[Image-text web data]

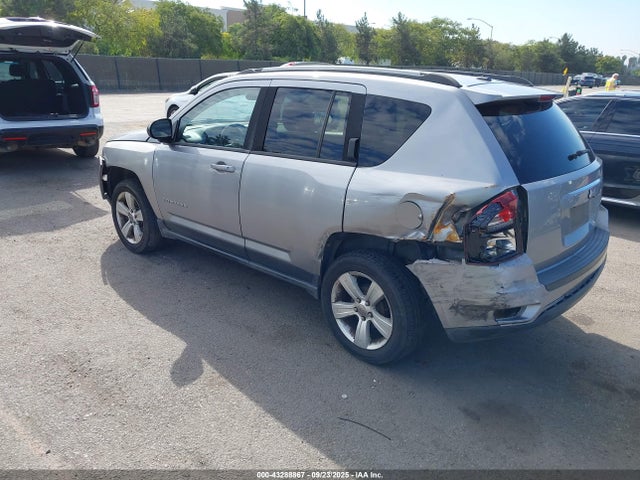 1C4NJCBA8GD560247 Jeep 2016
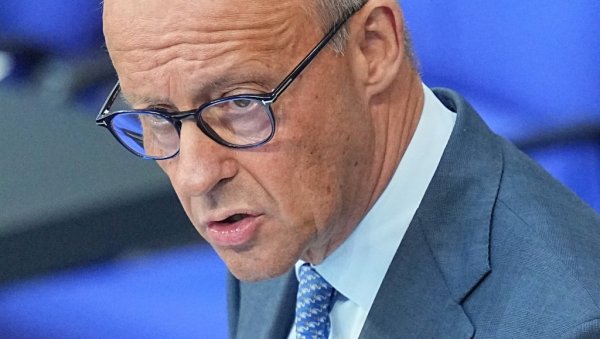 ХАОС У БУНДЕСТАГУ Мерц на удару оштрих критика наког говора: Саберите се!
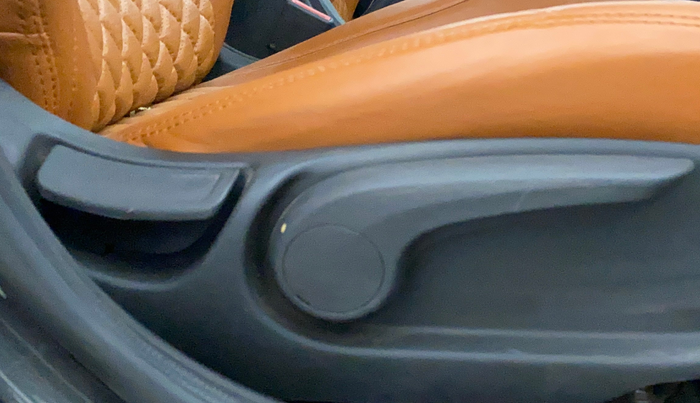 2018 Hyundai Verna 1.6 SX (O) CRDI MT, Diesel, Manual, 1,34,560 km, Driver Side Adjustment Panel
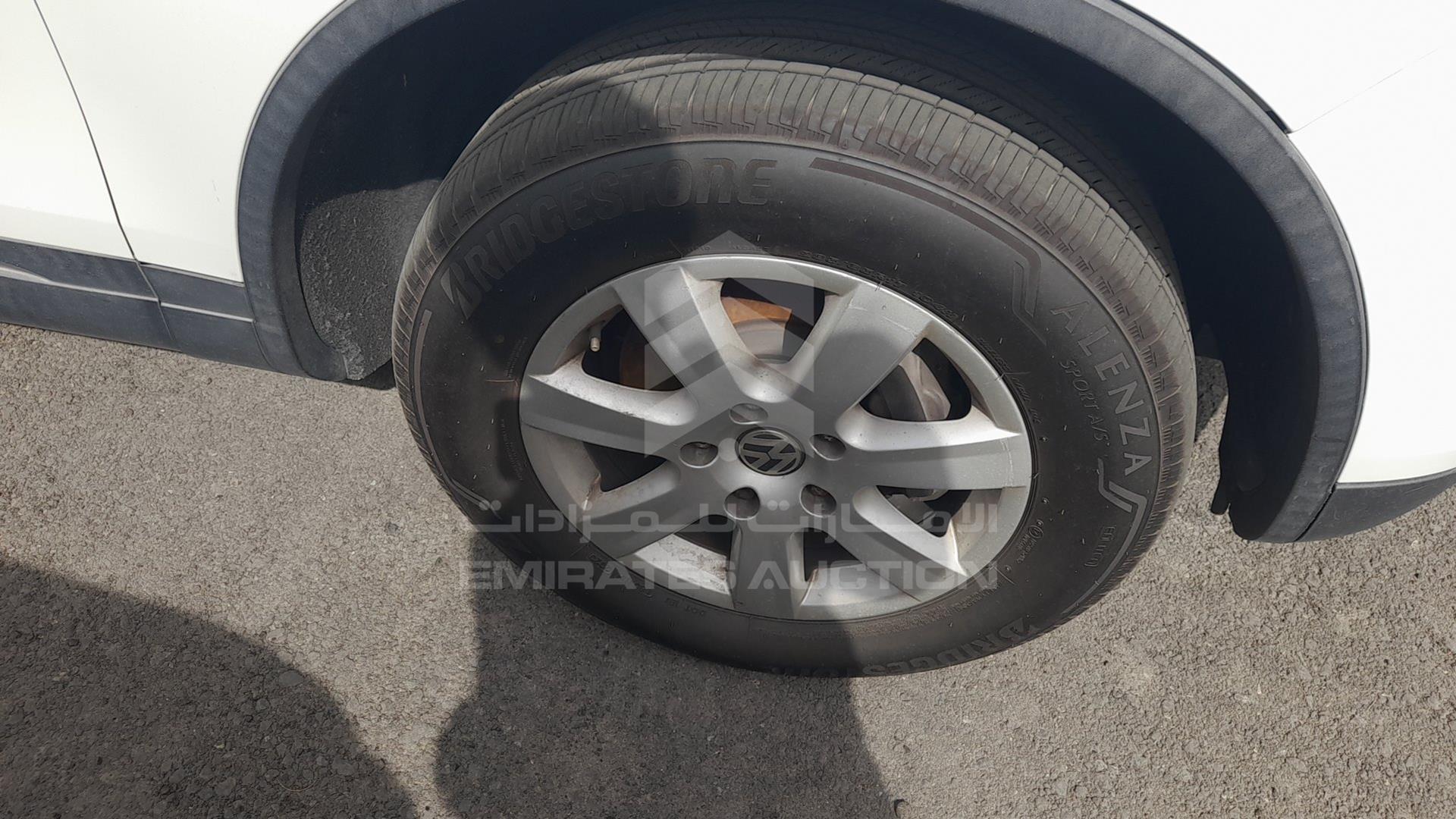2013 VOLKSWAGEN TOUAREG VIN: WVGBC2BP5DD000334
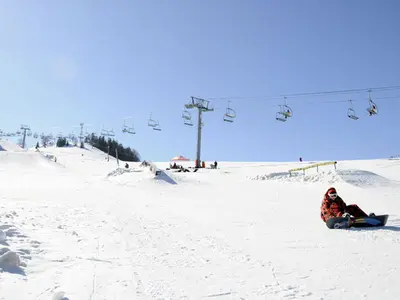 Piste mit Sessellift im Skigebiet Donovaly © PARK SNOW Donovaly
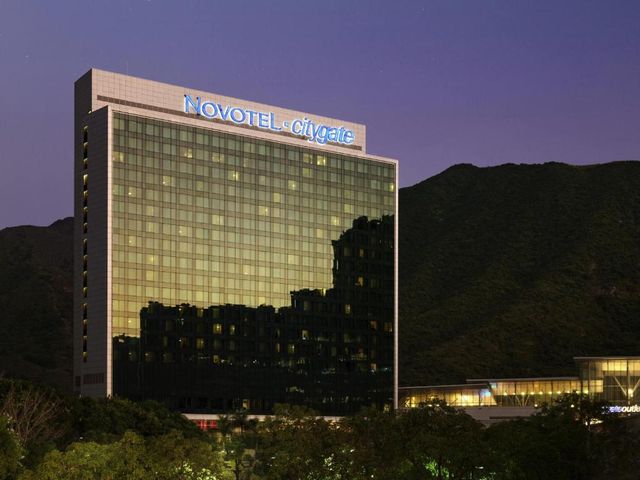 Novotel Citygate Hong Kong — 2.8 km from the airport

# WHAT YOU NEED TO DO:
Reproduce each entry precisely; the pictures stay out.

# EXERCISE RESULT:
 1C4NJCBA8GD560247 Jeep 2016
 ХАОС У БУНДЕСТАГУ Мерц на удару оштрих критика наког говора: Саберите се!
 2018 Hyundai Verna 1.6 SX (O) CRDI MT, Diesel, Manual, 1,34,560 km, Driver Side Adjustment Panel
2013 VOLKSWAGEN TOUAREG VIN: WVGBC2BP5DD000334
 Piste mit Sessellift im Skigebiet Donovaly © PARK SNOW Donovaly
 Novotel Citygate Hong Kong — 2.8 km from the airport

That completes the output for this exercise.